= Forty-first Amendment of the Constitution (Agreement on a Unified Patent Court) Bill 2024 =

Proposed constitutional amendment in Ireland

The Forty-first Amendment of the Constitution (Agreement on a Unified Patent Court) Bill 2024 (bill no. 7 of 2024) is a proposed amendment to the Constitution of Ireland to allow the state to ratify the Agreement on a Unified Patent Court.

The Agreement on the Unified Patent Court was signed in 2013 by Ireland and 25 EU member states. The Unified Patent Court started operations in 2023 for 17 EU members. The court settles disputes regarding European patents, including European patents with unitary effect.
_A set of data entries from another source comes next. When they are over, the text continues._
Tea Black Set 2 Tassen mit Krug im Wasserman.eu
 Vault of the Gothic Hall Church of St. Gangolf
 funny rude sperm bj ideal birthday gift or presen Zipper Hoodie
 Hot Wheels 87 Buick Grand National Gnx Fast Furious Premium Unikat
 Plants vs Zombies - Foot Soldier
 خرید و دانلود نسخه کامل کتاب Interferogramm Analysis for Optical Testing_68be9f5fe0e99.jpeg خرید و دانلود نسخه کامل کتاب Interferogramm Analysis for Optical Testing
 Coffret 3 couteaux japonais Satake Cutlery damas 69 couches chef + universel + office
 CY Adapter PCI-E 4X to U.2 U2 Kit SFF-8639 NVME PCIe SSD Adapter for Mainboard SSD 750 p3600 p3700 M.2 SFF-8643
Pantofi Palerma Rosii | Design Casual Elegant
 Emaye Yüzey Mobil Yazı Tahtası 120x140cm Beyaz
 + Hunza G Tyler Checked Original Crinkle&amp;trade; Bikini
Entry into force of the agreement for Ireland would also mean that Ireland would be covered by the European patent with unitary effect: a single patent covering 17 EU countries.

Ireland plans to establish a local division of the court of first instance in Dublin.

For Ireland to ratify the agreement, an amendment to the Constitution of Ireland will be required, which must be approved in a bill by both houses of the Oireachtas and in a referendum. The government had stated an intention to hold the referendum on 7 June 2024, the same day as the European Parliament election and local elections. However, in April 2024, it was reported that the government was considering not holding the referendum on that date, considering the defeat of referendums on family and care in March 2024. The postponement was confirmed shortly after by Peter Burke, the Minister for Enterprise, Trade and Employment.

==Wording==
The bill was presented by the Minister for Enterprise, Trade and Employment on 15 February 2024, and was passed by the Dáil on 6 March. It proposes to add the following subsection to Article 29.4:

11° The State may ratify the Agreement on a Unified Patent Court done at Brussels on the 19th day of February 2013. No provision of this Constitution invalidates laws enacted, acts done or measures adopted by the State that are necessitated by the obligations of the State under that Agreement or prevents laws enacted, acts done or measures adopted by bodies competent under that Agreement from having the force of law in the State.

==Campaign==
The Electoral Commission would provide information explaining the proposed amendment and promoting voter participation.

The proposal has support from the Irish Business and Employers Confederation.